Most firms are under-utilizing one of the most effective marketing tools of their future: their Associates. This results in increased pressure on the rest of the firm to build business and may potentially jeopardize a firm’s stability in the future. Law firms need Associates to step up and market, for everyone’s sake. To steal from Gerry McGuire, here’s how you can help them help you…
I’m always nervous broaching the subject of Associate marketing as some firms believe that only Partners can and should market a firm. Or there are the firms where Partners feel that the marketing department should market the firm and leave lawyers (including Associates) alone to practice law.
Here are Heather’s truths about law firm marketing:
- In today’s marketplace, everyone in the firm is responsible for marketing the firm.
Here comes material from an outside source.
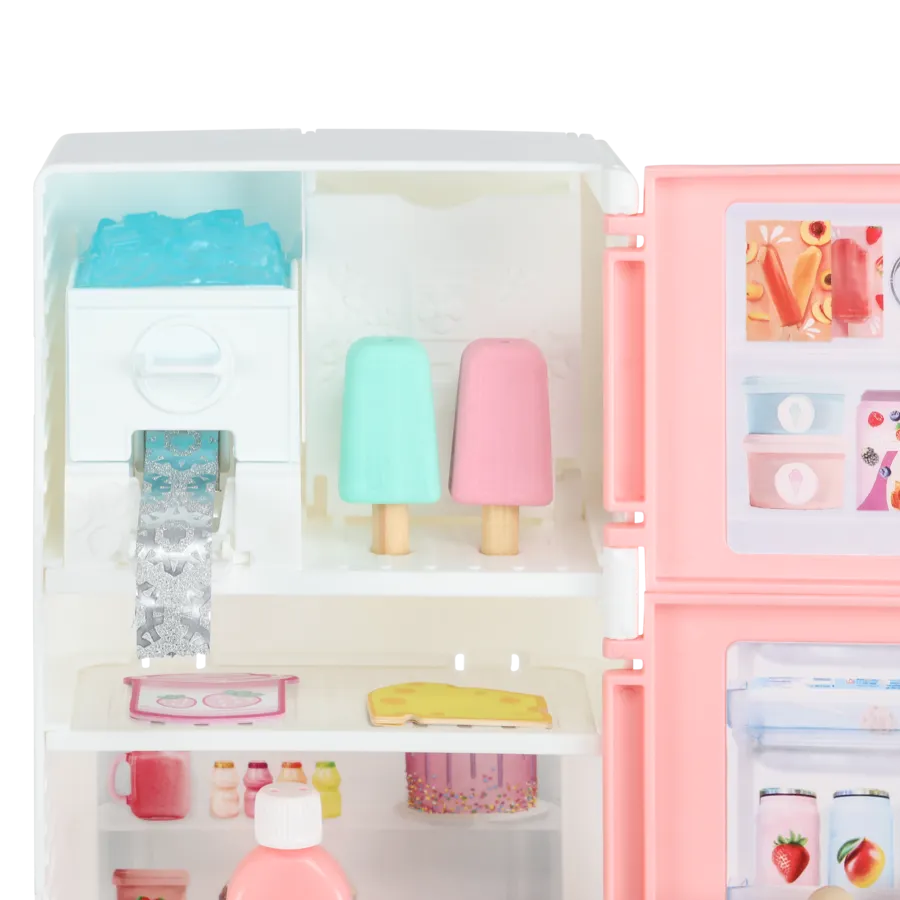 Real Littles S7 Desktop Caddies Mini Fridge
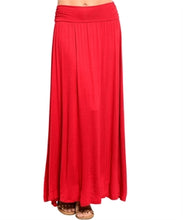 Load image into Gallery viewer, Solid Knit Maxi Skirt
- No one should market the firm without a clear understanding of the agreed-upon marketing goals.
- Very few lawyers today can effectively market a firm without training.
- The way that your senior or founding lawyers marketed the firm “in their day” will no longer work. The world has changed too significantly. That’s why so many marketing mentoring programs don’t work.
- Most lawyers don’t really like to market. That’s not why they got into the law. You’ll need to find a way to entice them.
- About 1% of lawyers are true rainmakers. When you have one, nurture them. They are worth their weight in gold.
Where do Associates fit in with all of this?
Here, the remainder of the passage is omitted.